Medium Rotation — Desire, I Want to Turn Into You; in|FLUX

CAROLINE POLACHEK Desire, I Want to Turn Into You (Perpetual Novice) — The first words Caroline Polachek sings on her new album, Desire, I Want to Turn Into You, are “Welcome to my island.” Delivered in a tone that bridges the distance between robotic and seductive, the line is suitable statement of introduction. Although there are other artists that are sympathetically aligned with the offbeat electronica and pop music Polachek crafts — the iconoclasm of U.S Girls comes to mind, as does the laser-cut precision of Robyn — she truly does seem to be out on her own, vast oceans between her and any contemporary and predecessor. (It’s not for nothing that she can get fellow wanderer Grimes to pitch in on the album, yelping along alongside Dido on “Fly to You”). If “Crude Drawings of an Angel” is initially a little like vintage Everything But the Girl, it quickly becomes evident that it’s infested with enrapturing oddity, like it was invade by creeping, benevolently parasitic ivy of invention. Sometimes she sounds triumphant (“I Believe”) and sometimes elegantly downbeat (“Hopedrunk Everlasting”). The through line is clear: vivid originality. In addition to those mentioned, quench your desire for great music with the following cuts: “Bunny Is a Rider,” the flamenco-shaded “Sunset,” “Blood and Butter,” and “Smoke.”

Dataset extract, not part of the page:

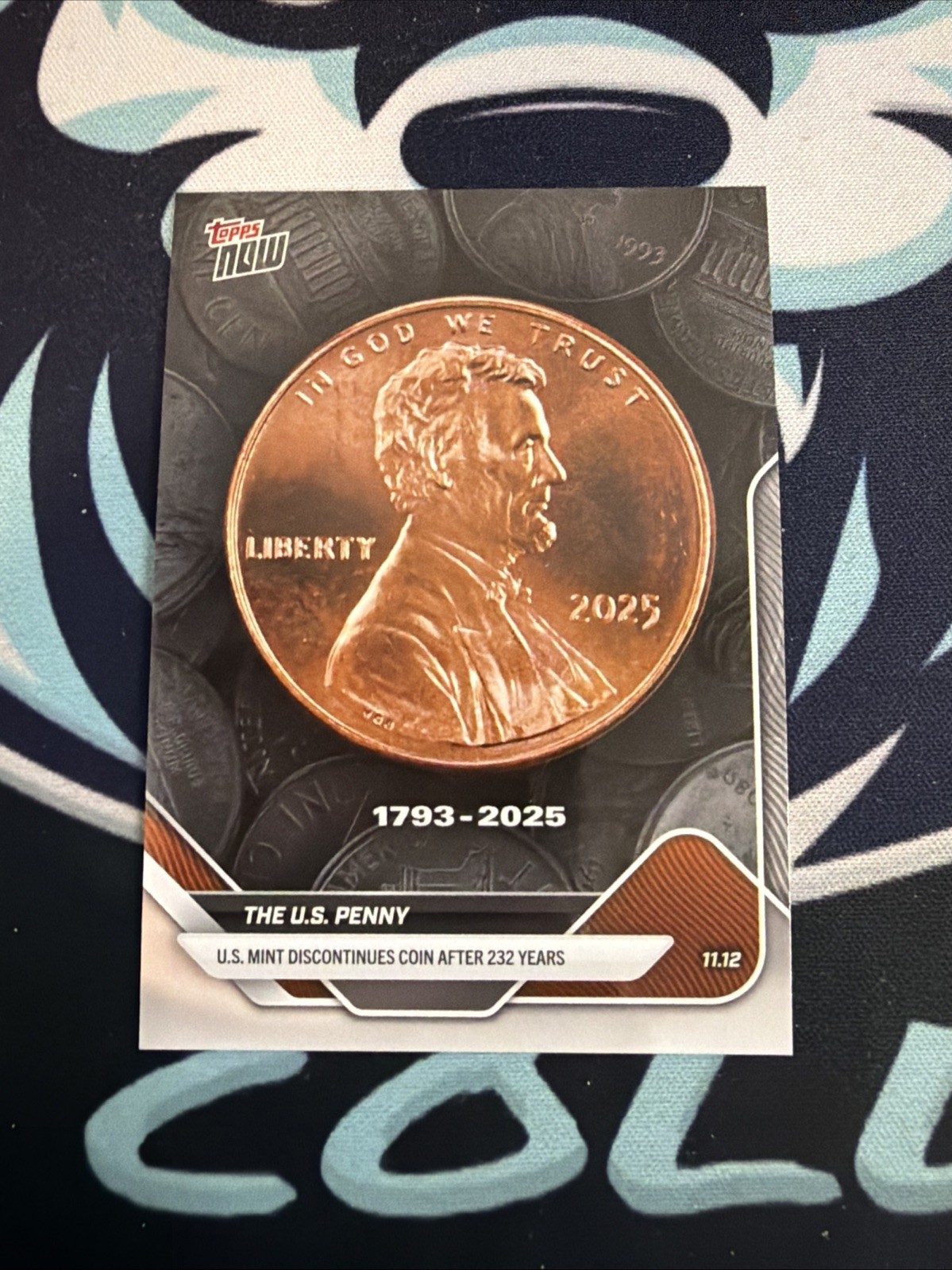 2025 Topps Now The U.S. Penny 1793-2025 Final Mint Day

ANNA B SAVAGE in|FLUX (City Slang) — For her second full-length album, Anna B Savage expands her scope and narrows her focus. Previously committed to creating entirely on her own, or nearly so, Savage brought in more collaborators for in|FLUX. She also dug deeper into her own being to craft songs that examine the contradictory emotions that can make simply living as confusing as sharing a wind tunnel with a boxcar-filling quantity of styrofoam peanuts. Opening cut “The Ghost” sets the tone with its consideration of the way the wounded feelings of past relationships can linger set to posh music that’s all left turns. On the record, Savage often come across like Anna Calvi with the intensity dialed back, but the real cryptology key might be “The Orange,” which suggests Laurie Anderson mounting an art piece as a chanteuse. Want more? Check out the vivid title cut, “Pavlov’s Dog,” “Crown Shyness,” “Feet of Clay,” and “Touch Me.”